The countries will restore diplomatic relations within the two-month period stipulated in an agreement facilitated by China in March, a joint statement signed by the two countries on Thursday showed.
Iran’s foreign minister said that he and his Saudi counterpart have agreed to a joint agenda that includes economic cooperation and pursuing stability and development in the Middle East.
The two countries will continue coordination to examine ways to expand cooperation, including resuming flights and bilateral visits, in addition to facilitating visas for citizens, they said in the statement.
In a tweet, Amirabdollahian said the meeting in Beijing with his Saudi counterpart was “positive”, adding that “emphasis on stability, sustainable security and regional development” were among the issues agreed upon and “on the common agenda”.
Iran's state news agency, IRNA, released photos and videos showing Saudi and Iranian ministers shaking hands in front of cameras.
According to the Saudi media, the two foreign ministers held "an expanded meeting for the delegations of the two countries in which they discussed the implementation of the agreement on several levels."
Scenes were broadcast showing Chinese Foreign Minister Qin Gang mediating with his Iranian and Saudi counterparts, holding their hands and bringing them together.
Following the meeting, Iran's Foreign Ministry announced that the two foreign ministers focused on the "formal resumption of bilateral relations and executive steps to reopen the embassies and consulates of the two countries."
The Iran-Saudi agreement, announced on March 10, was brokered by China and aims to pave the way for the resumption of diplomatic relations. The meeting in Beijing is intended to "activate" the agreement, according to Saudi media.
It was the first formal meeting of senior diplomats from the two nations since 2016, when the kingdom broke ties with Iran after protesters invaded Saudi diplomatic posts there. Saudi Arabia had executed a prominent Shiite cleric with 46 others days earlier, triggering the demonstrations.
Challenge to US
Iran and Saudi Arabia support rival sides in in Yemen, where the Houthi militia are backed by Tehran and Riyadh leads a military coalition supporting the government.

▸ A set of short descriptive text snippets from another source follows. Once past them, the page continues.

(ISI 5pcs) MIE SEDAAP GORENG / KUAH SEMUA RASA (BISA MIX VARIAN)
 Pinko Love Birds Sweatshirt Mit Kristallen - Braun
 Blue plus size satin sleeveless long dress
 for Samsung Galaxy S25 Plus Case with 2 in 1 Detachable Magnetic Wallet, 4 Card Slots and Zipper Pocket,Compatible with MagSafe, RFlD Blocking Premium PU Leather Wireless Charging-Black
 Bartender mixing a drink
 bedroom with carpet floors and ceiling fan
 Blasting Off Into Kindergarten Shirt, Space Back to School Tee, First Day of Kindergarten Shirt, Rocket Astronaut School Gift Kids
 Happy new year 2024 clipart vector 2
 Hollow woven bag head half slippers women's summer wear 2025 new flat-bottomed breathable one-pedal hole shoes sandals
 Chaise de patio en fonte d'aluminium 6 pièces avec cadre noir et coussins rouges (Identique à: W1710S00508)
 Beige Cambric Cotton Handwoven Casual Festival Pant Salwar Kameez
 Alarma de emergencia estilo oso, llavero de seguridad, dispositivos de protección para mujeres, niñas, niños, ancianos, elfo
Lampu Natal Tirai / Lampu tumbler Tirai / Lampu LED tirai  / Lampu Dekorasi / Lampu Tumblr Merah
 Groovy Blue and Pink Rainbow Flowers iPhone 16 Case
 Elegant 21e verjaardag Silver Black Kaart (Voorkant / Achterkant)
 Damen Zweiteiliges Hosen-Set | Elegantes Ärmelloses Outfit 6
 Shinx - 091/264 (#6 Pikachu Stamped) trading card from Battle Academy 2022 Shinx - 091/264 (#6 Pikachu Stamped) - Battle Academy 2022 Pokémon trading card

Riyadh's traditional ally Washington welcomed the detente agreement, but said it remains to be seen whether the Iranians will "honour their side of the deal".
China's success in bringing Iran and Saudi Arabia together has challenged the United States' long standing role as the main outside power broker in the Middle East.
An expert told AFP that Beijing's role would likely increase confidence that any deal would stick. "Because China is a strong backer of Iran, Saudi should have more confidence in Iran's ability to comply with the agreement, an issue that has always been in doubt," said Joel Rubin, former US Deputy Assistant Secretary of State for Legislative Affairs.
Thursday's meeting "suggests that the process hasn't gone off track since the Beijing announcement last month", said Ali Vaez, Director of the International Crisis Group's Iran Project.
"But it's still early days to judge whether this is just a tactical detente or a way-station towards strategic rapprochement."
Officials from Iran and Saudi Arabia held several rounds of dialogue in Baghdad and Oman before they met in Beijing.
In 2016 a number of Gulf countries followed Riyadh's action in scaling back ties with Tehran, but they have led the way in restoring diplomatic relations.
Iran welcomed an Emirati ambassador last September, after a six-year absence, and on Wednesday named its own ambassador to the UAE, following a nearly eight-year hiatus.
Last year Iran said Kuwait had sent its first ambassador to Tehran since 2016.
Iran has also welcomed a potential rapprochement with Bahrain, a close Saudi ally, which in the past accused Iran of backing a Shiite-led uprising in the Sunni-ruled kingdom, an accusation Tehran denies.